Rivalry is not unknown on the golf course either. Competitive players won’t want to miss out on what’s being dubbed the world’s first tropical links at Peter de Savary’s Abaco Club on Winding Bay, designed by architect Donald Steel. If the temperature were several degrees lower you’d almost believe you’re on a Scottish fairway, with deep bunkers, sprawling greens and the booming Atlantic playing as the soundtrack for that perfect shot. “Players rave about numerous holes here,” says golf pro Kenny Gargiolo. “Steel is renowned for creating challenging layouts with large green complexes that demand creativity and precise shot placement. Holes 15 through 18 are perched atop a 65-ft bluff overlooking Winding Bay and the ocean. A working quarry dominates the landscape on 15 and 16, providing an intimidating hazard that can make a good round go south in a hurry. Hole 17 is a stunning par three with an elevated tee and a green that seems to be floating on the turquoise ocean,” says Gargiolo. As noted local golfer Sir Sean Connery summed it up: “a perfect jewel of a design.”

Pure, indulgent R&R
If you can get yourself invited for drinks at the members-only Lyford Cay Club on New Providence near Nassau, you might be even luckier to be mixed a little something by Wilfred Sands, the award-winning bartender on The Bahamas Culinary team. What’s the favourite beverage of his well-cleated clientele? “That would be my own Rum Dum,” says Sands, an invigorating mix of light and dark Bacardi with sugar syrup, lemon juice and frothy egg white on top. Sands’ vodka-based Bahamian Sunset runs a close second, and the non-alcoholic mango and banana Frozen Yellow Elder is another popular choice. Club members at Sands’ bar, located in the men’s locker room, have gotten so attached to his Rum Dum that he’ll have a frosted glass ready when regulars return from a round of golf. “We’d even run one over to their home in a hurricane if we were asked,” smiles Sands. “That’s just the kind of service we provide.”
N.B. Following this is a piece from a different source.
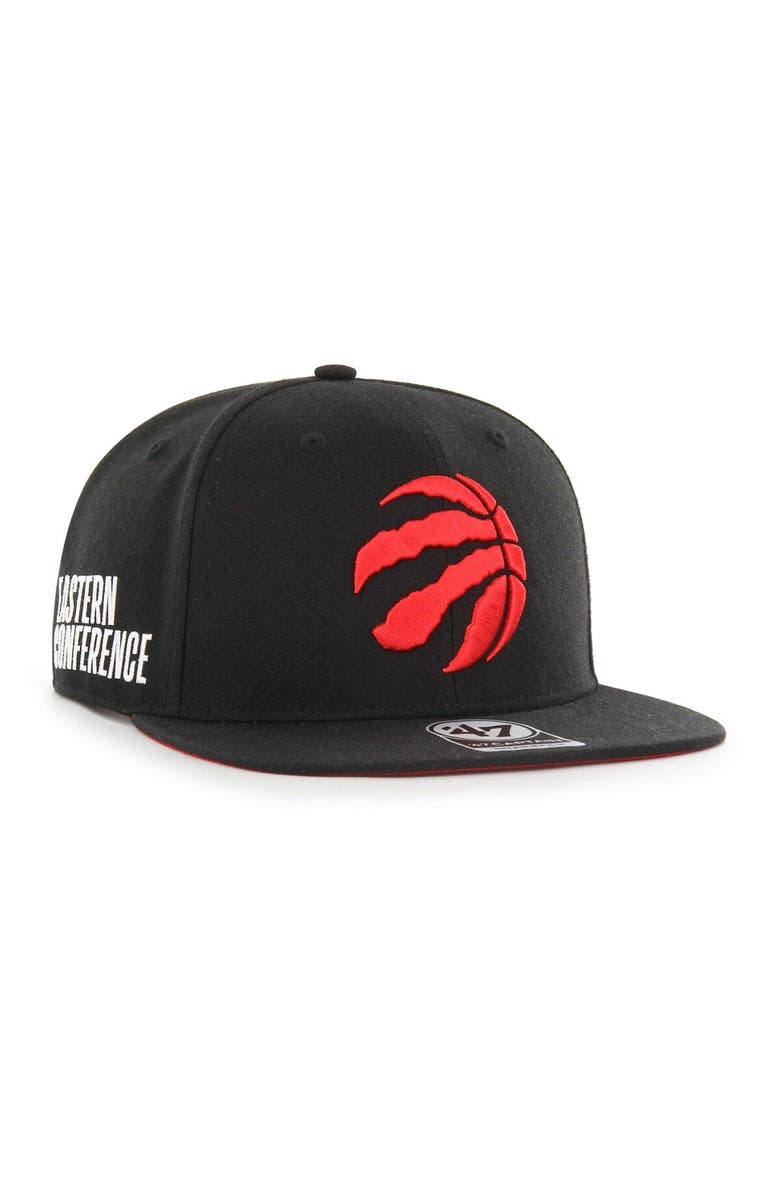'47 Men's '47  Black Toronto Raptors Sure Shot Captain Snapback Hat, Main, color,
If all this recreation sounds a bit overwhelming, you can always soothe yourself at a spa. The Bahamas has a number of spas in exclusive resorts such as The One&Only Ocean Club on Paradise Island, recent getaway for Desperate Housewives star Teri Hatcher. The resort’s spa offers a spate of Elemis treatments, with names such as “Bahamian Pathway to Radiance.” Spa director Missy Dowell says a popular favourite is Cleopatra’s Tropical Tryst, a coconut body rub and drizzled warm-milk wrap. “Clients can choose the type of massage they want, because not everyone is ready for the four arms/four elbows deep tissue massage,” she says, even when you meet your dual masseuses under a special beach pavilion. Each luscious teak-adorned treatment villa is equipped for two, keeping couples in mind, with massage tables, jacuzzi and daybed. One enterprising suitor recently asked for his beloved’s hand during a treatment. “She said yes, of course,” says Dowell.